++++ Data extract
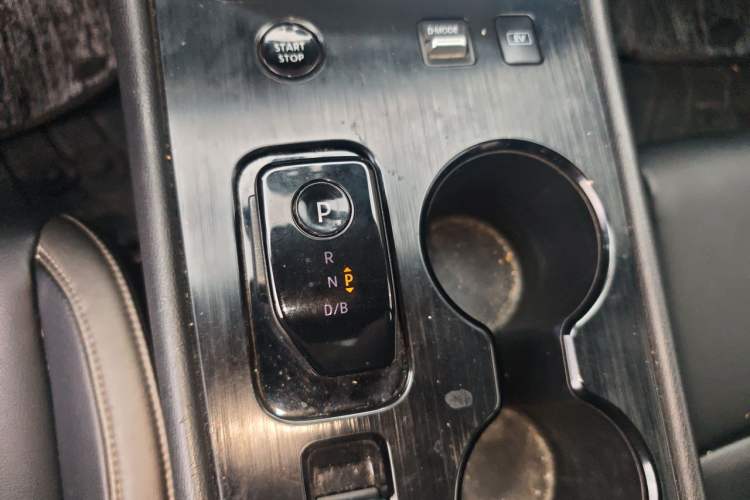 Used Nissan Sylphy 2023 Super Hybrid Electric Drive Super Smart Connectivity Plus Gear Lever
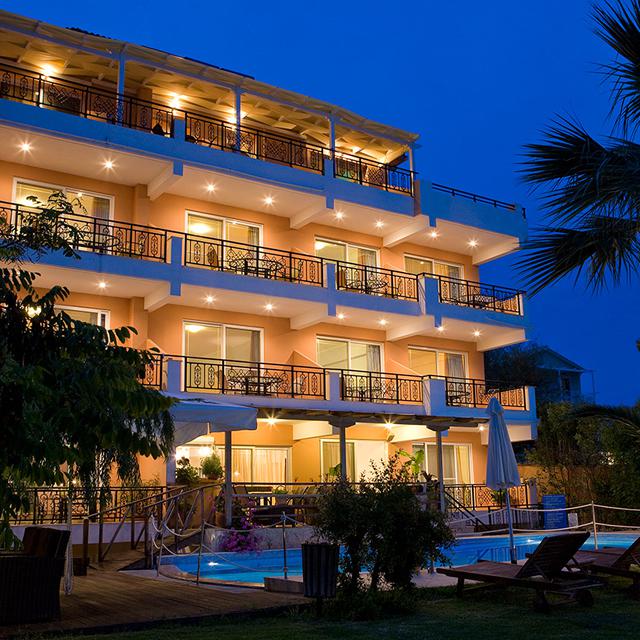 Aparthotel Grand Nefeli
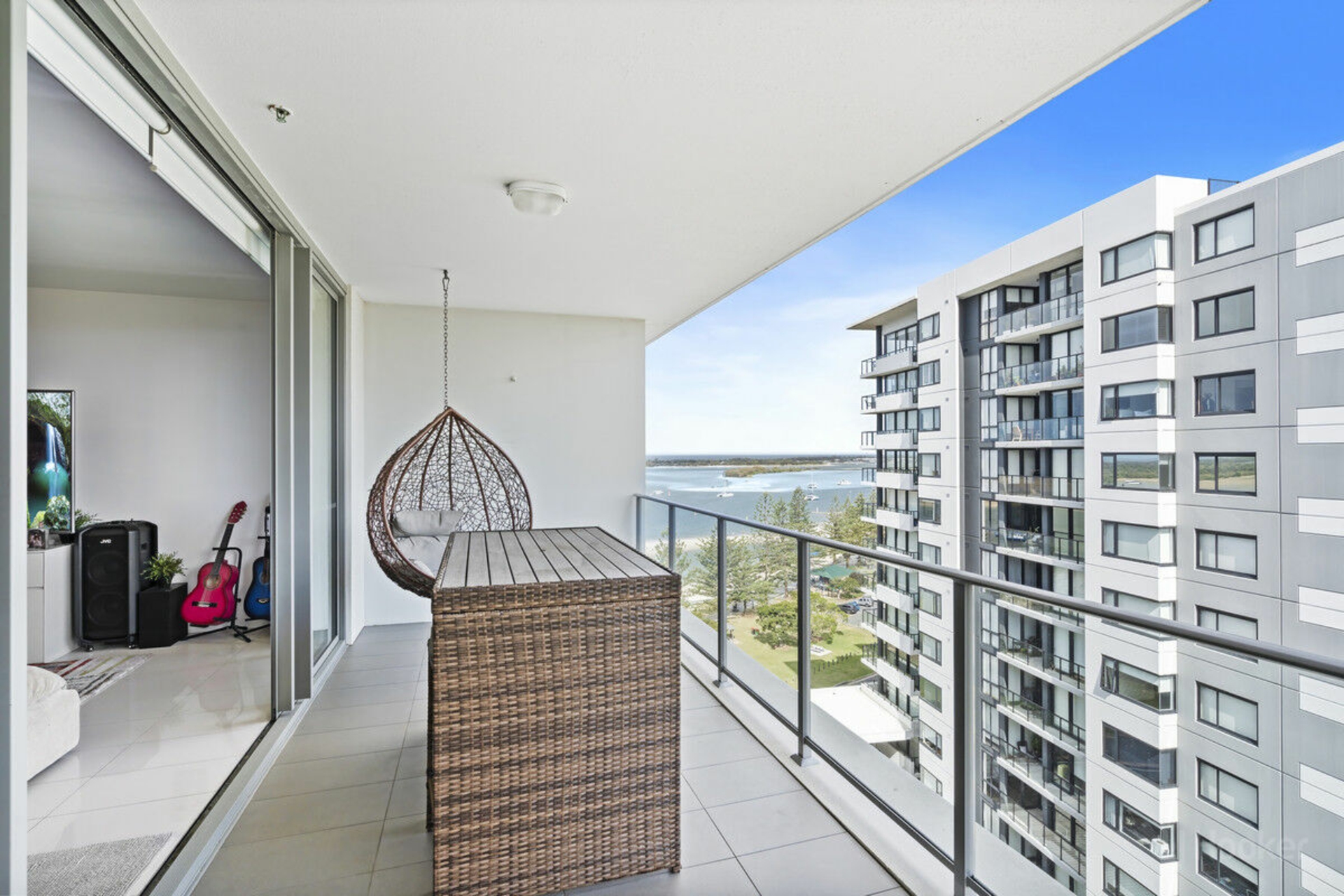 807/378 Marine Parade, LABRADOR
++++++++
*Exercise:* When copying the listing, print each line exactly but leave out every picture.

*Response area:*
 Used Nissan Sylphy 2023 Super Hybrid Electric Drive Super Smart Connectivity Plus Gear Lever
 Aparthotel Grand Nefeli
 807/378 Marine Parade, LABRADOR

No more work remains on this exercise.